Locust Lane(18)
Celia looked at her son. The muscles on his back rippled as his right arm pistoned. She quickly backed out of the room, the still-warm laundry pressed to her chest. She spoke with Oliver the moment he came home and he had a word with the boy. They were in the study for a long time. When Jack emerged, he looked chastened and wouldn’t meet his mother’s eye for days.
“It was just natural curiosity,” he explained. “Goddamned internet.”
Celia said nothing more. But she couldn’t help but think about the frenzied way her son’s arm moved. And as for being natural, the only other male in her life she could imagine watching such a thing was her father. Which was hardly a source of comfort.
This was not the only time Jack had been summoned to Oliver’s study. If the goal of his bad behavior was to get his father’s attention, it worked. Whenever he acted out, Oliver would conduct him behind his closed door, where he’d have a quiet word with him. He never raised his voice, he never lost his temper. He certainly never struck him—Oliver abhorred violence. He’d simply explain what was expected of a Parrish. Jack would take his medicine, but it would only be a matter of time before he acted out again. Father and son were locked in some generational male struggle from which she and the rest of the world were excluded.
Finally, after Scotty went off to Hanover, things changed. Jack’s temper abated. He began to read voraciously. His grades improved. He grew interested in his classes, psychology in particular. Dinners became disquisitions on Laing and Jung. His expression took on the furtive, self-satisfied cast of someone in the process of figuring things out for himself. He smiled more, but in a knowing, inward manner that left you wondering what exactly he found funny.

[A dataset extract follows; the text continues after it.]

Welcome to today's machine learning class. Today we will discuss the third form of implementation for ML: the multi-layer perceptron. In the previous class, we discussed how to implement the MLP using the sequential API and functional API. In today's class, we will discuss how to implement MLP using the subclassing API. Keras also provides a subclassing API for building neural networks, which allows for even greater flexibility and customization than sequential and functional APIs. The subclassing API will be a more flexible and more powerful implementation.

By his sixteenth birthday he’d come into his own. The man he was to become was taking shape. A thinker. An intellectual. Strong-minded, decisive, commanding. When people asked what he was planning to study in college, he’d simply answer “the mind.” He could be a little too opinionated and argumentative, his views often a tad extreme for Celia’s taste. But these were things that would change as he grew older. He’d finally put his difficult boyhood behind him. In the stuff that mattered, he’d become every bit a Parrish.
* * *
Her mother called. Katharine had heard about the killing through the grapevine. Not surprisingly, her Dubonnet-fueled views on the matter tended toward the apocalyptic. Celia’s mother had spent her whole life waiting for the murderous hordes to descend and always seemed disappointed when they didn’t. Now, she was in no doubt that they had struck a blow against all that was pure and good, and that more widespread havoc was coming. Celia was able to escape the call when the landscapers knocked on the sliding glass door to let her know they were finished for the day. They’d flattened the ground; stones would be laid tomorrow. Once they were gone, she watched a blue jay land on the newly exposed dirt, hopping and pecking frantically, unable to believe its good fortune.

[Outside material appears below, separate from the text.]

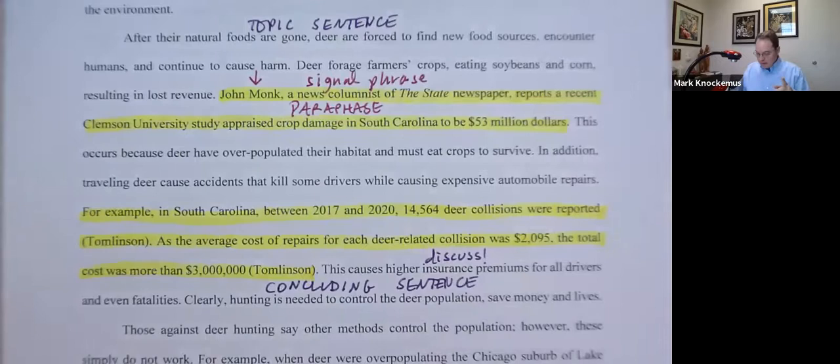We'll take a look at the third body paragraph and the conclusion in the next lecture.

Finally, just after three, an alert arrived announcing that the lockdown had ended. She texted Jack and instructed him that she wanted him to come right home so they could discuss last night before Oliver got back. There was no response. She tried him again fifteen minutes later, and then a half hour after that. Still nothing. Four o’clock came and went without Oliver’s return. She called him but it went straight to voice mail.
At four-thirty she tried Jack again. Still nothing; nor was there anything from Oliver when she called him for the second time. She phoned Alice to see if Jack was there, but she wasn’t picking up either. This was getting ridiculous. Meanwhile, the victim was identified—a brightly smiling twenty-year-old Watertown girl named Eden. Such a hopeful name. If Twitter was to be believed, a “person of interest” was now being questioned. At least the women who’d been whipping themselves into hysterics on the Emerson Moms Facebook page were simmering down now that it was clear that no one was marauding through the township’s streets, cutting down their young.
Five o’clock passed in silence. Celia was now officially worried. She called Oliver’s office, but his assistant was under the impression he was traveling straight back to Emerson. Finally, just when Celia was thinking about contacting the authorities, she heard the garage door rumble. Oliver entered, followed by Jack. Her husband looked grim. His middle finger traced that decades-old scar on his temple, like it always did when he was stressed. Her son was ashen. Neither seemed very eager to meet her eye.
“What is it?” she asked. “Oliver, what’s wrong?”
ALICE
She’d lingered at Papillon after Celia left, trying to look plausible as she sipped a refill of coffee she neither wanted nor needed. What the hell was going on? The situation with Michel was getting out of hand. He wouldn’t even meet her eye when he came to the table. And the way he simply left her was totally unacceptable. Granted, it had to be alarming for him to learn that his beloved boy had lied to him. But that was no excuse to abandon her, especially since Hannah was involved as well.
She checked her phone for the first time since arriving. Nothing from him, but there was a message announcing that the school had gone into a lockdown. She experienced a short pulse of panic, but it faded quickly. She’d need to hear sirens and the shudder of helicopters to get truly concerned. They had a couple of these things every year and they invariably turned out to be nothing more than soundings of the current depths of communal paranoia.